To summarize, therefore: The state of Michigan was not the beneficial owner of the land from which the timber in question was severed, but held the legal title merely as a trustee, though, by virtue of being vested with the legal estate, the state was entitled to enforce, for the benefit of the real owner, such remedies as the latter might have resorted to had he held the legal title. But if the owner, the United States, is not permitted to maintain the present action, it loses property which it had a clear right to receive, and the wrongdoer goes unpunished. These circumstances present all the elements which justify resort to the fiction of law by which a person who, in equity and good conscience, was the real owner at the time of an unlawful conversion, is to be regarded, as against the wrongdoer, to have had the legal title and possession, by relation, in him at the time of such conversion, and therefore as having had such a title and possession as, when his disability to assert his rights no longer exists, will entitle him to maintain an action of trover.

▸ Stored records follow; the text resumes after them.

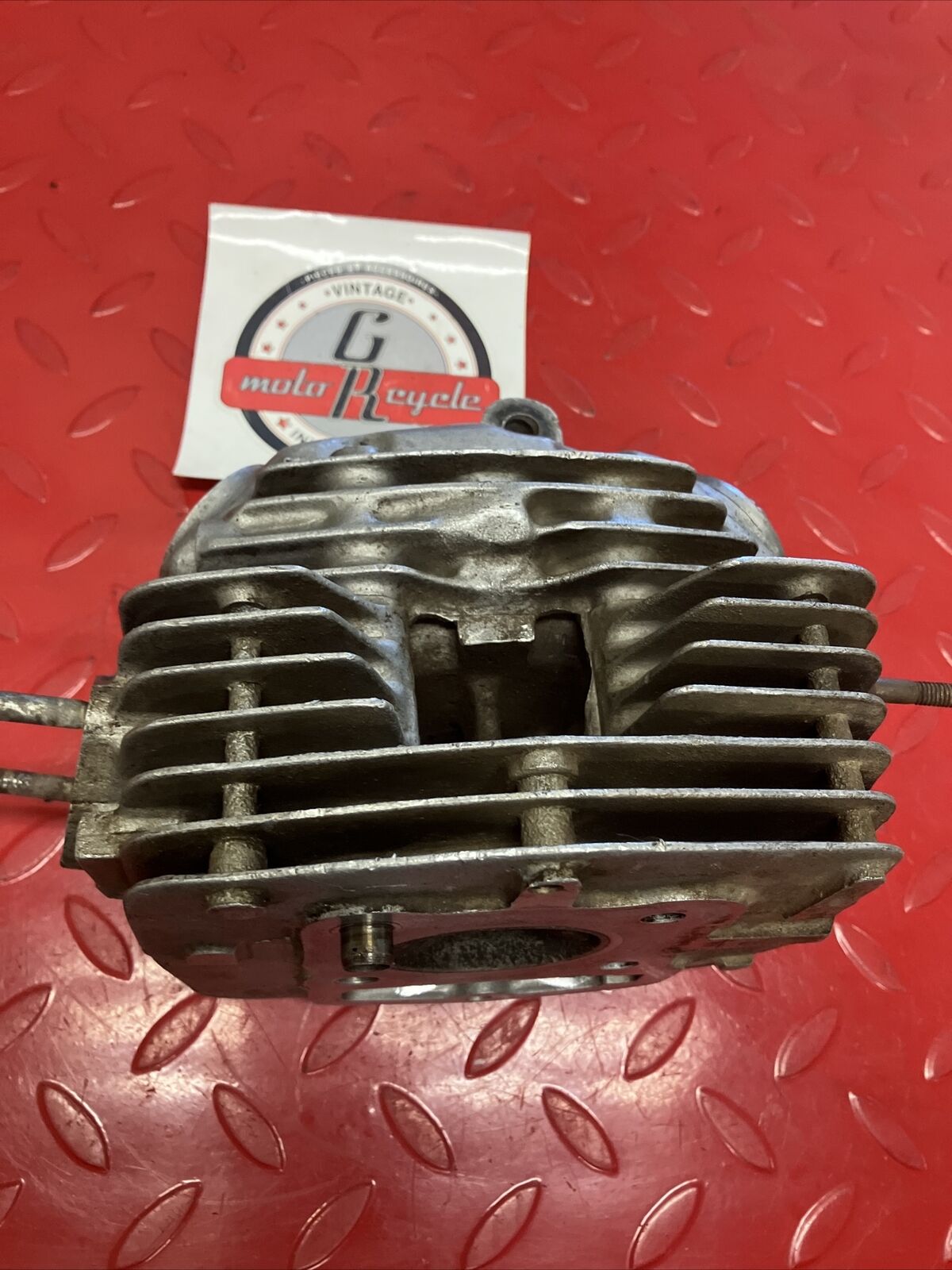 Honda XL100 1974 cylinder head 1975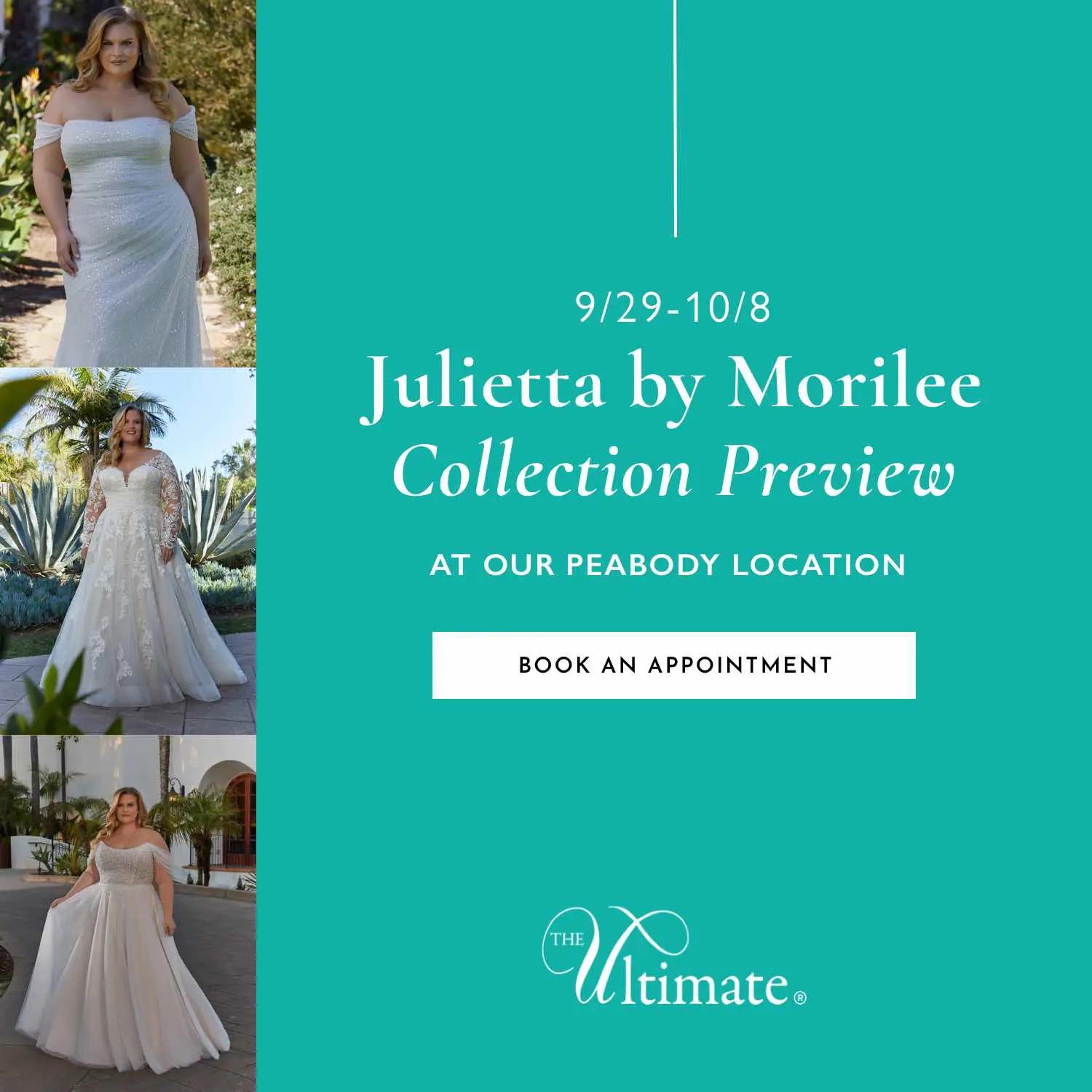 Julietta by Morilee collection preview at The Ultimate Peabody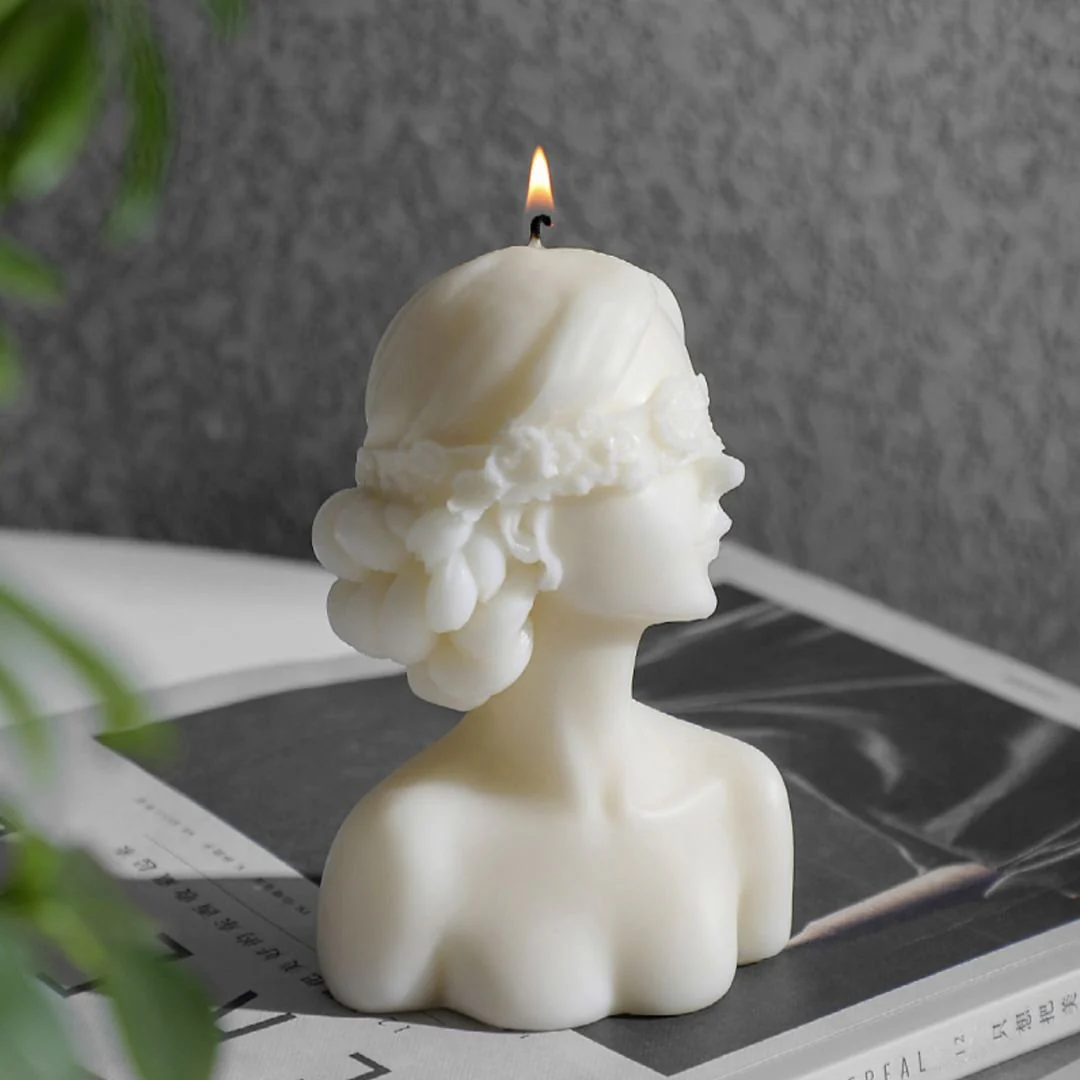 Blind Love Decorative Candle | Premium Fragrance Soy Wax Candle [9cm] - Image 5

Indeed, it seems to me that, in reason, it is impossible to deny the right of the true owner to recover the timber, without involving the mind in irreconcilable propositions, and, in addition, making use of a complete non sequitur, that is to say-First, that there was no trust, and yet that rights existed [172 U.S. 206, 232] which could only arise by reason of a trust; and, second, that the trustee alone could sue during the existence of the trust; therefore, on the termination of the trust, the same doctrine applies. Reduced to its last analysis, the doctrine now announced is, I submit, really this: That the United States could not recover while the trust existed, because the trustee must assert the right, and that it likewise could not recover after the termination of the trust, and hence could not recover at all. The result in effect concedes the existence of a right of property, but holds that it cannot be protected because the law affords no remedy. The maxim, 'Ubi jus, ibi remedium,' lies at the very foundation of all systems of law; and because, as has been stated at the outset, I cannot believe that the common law departs from it, I refrain from giving my assent to the conclusions of the court, and express my reasons for dissenting therefrom.